倾诉人:悦月 年龄:32岁 性别:女 职业:公司职员 倾诉方式:微信 记录整理:婼文

凌晨3点,我坐在飘窗上数楼下的路灯。第七盏总在闪烁,像极了我的这场婚姻——明明亮着,却不稳定。父母总说“日子凑合过”,朋友劝我 “别太较真”,可枕头知道我多少个夜晚睁着眼睛到天明。嫁给陈默那天,我以为自己终于逃出了被催婚的命运,可以安稳地过日子了,却没料到会在闪婚这条路上陷入另一团情感迷雾。有些话不能对身边的人说,怕他们叹息,更怕他们失望。
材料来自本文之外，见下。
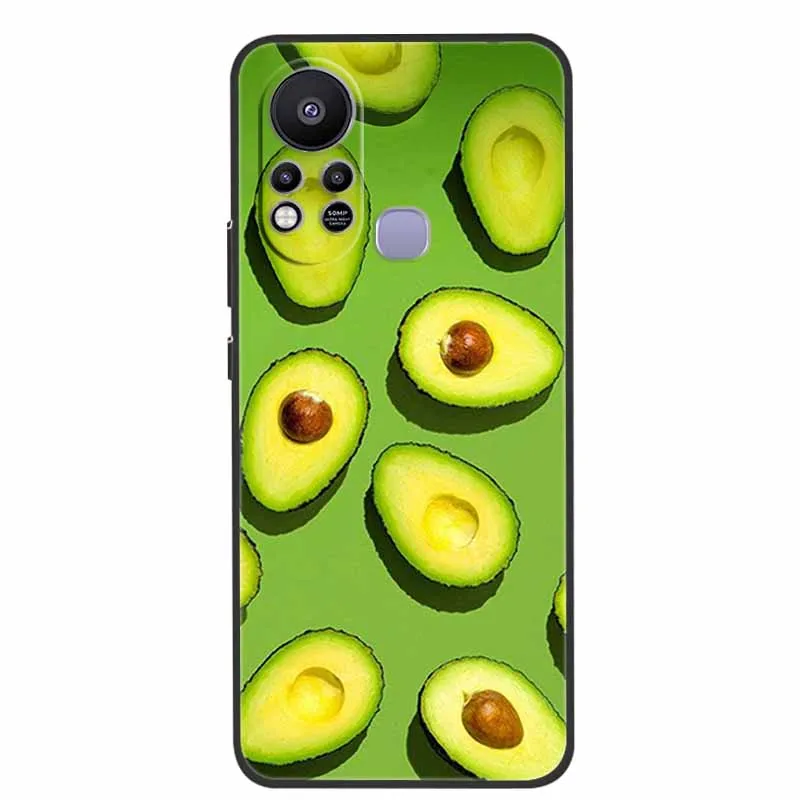 for infinix hot 11s case cover silicone soft painted wolf back covers for for infinix hot 11 phone cases hot11s 11 s x6812 lion free global shipping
但不说出来,我又怎能看清自己究竟困在何处?

闪婚:无奈之下的仓促抉择

30岁生日那天,当医生的母亲把体检报告拍在我的面前,甲状腺结节的超声图像像颗歪歪扭扭的星。“再耗下去,病都等不起。”她的声音裹着秋末的寒气。我盯着报告上“建议定期复查”的字样,突然觉得人生像被按了快进键。陈默就是这时出现在介绍人安排的咖啡馆里。他身穿浅灰色夹克,指甲修剪得整整齐齐,说自己在国企做技术,刚接手重点项目,父母是退休教师。我们第三次见面时,他推了推眼镜,说:“我觉得你合适,咱们年底前领证吧。”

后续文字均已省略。